Propos sur l’éducation, Alain.
=> Au fond, lire n’est pas simplement une imbrication de lettres et de mots : lire n’équivaut pas simplement à déchiffrer des signes. La lecture et la pensée sont indissociables pour Alain. Ils vont de pair. Il faut donc chercher à comprendre en quoi lire n’est pas une activité mécanique mais une activité de l’esprit. Rien que du très classique, peut-être : mais cette première définition de la lecture est nécessaire pour poursuivre notre réflexion sur l’acte de lire.

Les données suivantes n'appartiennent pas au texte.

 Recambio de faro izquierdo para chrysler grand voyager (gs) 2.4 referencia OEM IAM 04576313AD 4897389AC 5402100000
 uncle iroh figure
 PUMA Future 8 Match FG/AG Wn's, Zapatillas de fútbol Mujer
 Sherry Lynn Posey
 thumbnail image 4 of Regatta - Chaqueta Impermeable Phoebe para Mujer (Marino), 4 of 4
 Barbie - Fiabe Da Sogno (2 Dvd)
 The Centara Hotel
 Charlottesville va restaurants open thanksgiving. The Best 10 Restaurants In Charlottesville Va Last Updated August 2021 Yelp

L’oeuvre n’est pas sans la lecture. Sartre, dans Qu’est-ce que la littérature ?, compare le livre à une toupie : quand on le lit, il est mis en mouvement, il vit. S’il est fermé, rangé, le livre est immobile, il ne vit pas, c’est un simple objet sans intérêt. L’oeuvre a donc besoin du lecteur, l’oeuvre a besoin d’être lue. Balzac écrit, dans Physiologie du mariage, que « Lire c’est peut-être créer à deux« . Le texte littéraire, caractérisé par son incomplétude et sa polysémie, a besoin du lecteur pour naître réellement. C’est le cas jusqu’à nos jours, notamment avec le Nouveau Roman. Alain Robbe-Grillet avouait alors que « L’auteur aujourd’hui proclame l’absolu besoin qu’il a du concours du lecteur, un concours actif, conscient, créateur. » Ce dernier mot est particulièrement significatif : pour l’auteur de La Jalousie, le lecteur, via sa lecture, participe au processus de création de l’oeuvre ! Dès lors, il s’agit de voir ce que fait le lecteur lors de sa lecture : qu’est-ce que lire un texte littéraire ?
Pour Hans Robert Jauss, l’oeuvre n’est jamais reçue comme une « nouveauté absolue ». L’oeuvre prend toujours place dans un système de références du lecteur, c’est-à-dire dans « tout un ensemble d’attente et de règles du jeu avec lesquelles les textes antérieurs l’ont familiarisé« . C’est cela que Jauss nomme « horizon d’attente ». Le public est « prédisposé à un certain mode de réception » lié à la culture, aux expériences de lecture. De fait, l’interprétation de l’oeuvre n’est pas un phénomène strictement individuel et subjectif ; il existe, au préalable, une expérience esthétique intersubjective. Ainsi, on comprend pourquoi Hans Robert Jauss considère que la lecture est une « perception guidée ». C’est l’oeuvre qui guide la perception du lecteur.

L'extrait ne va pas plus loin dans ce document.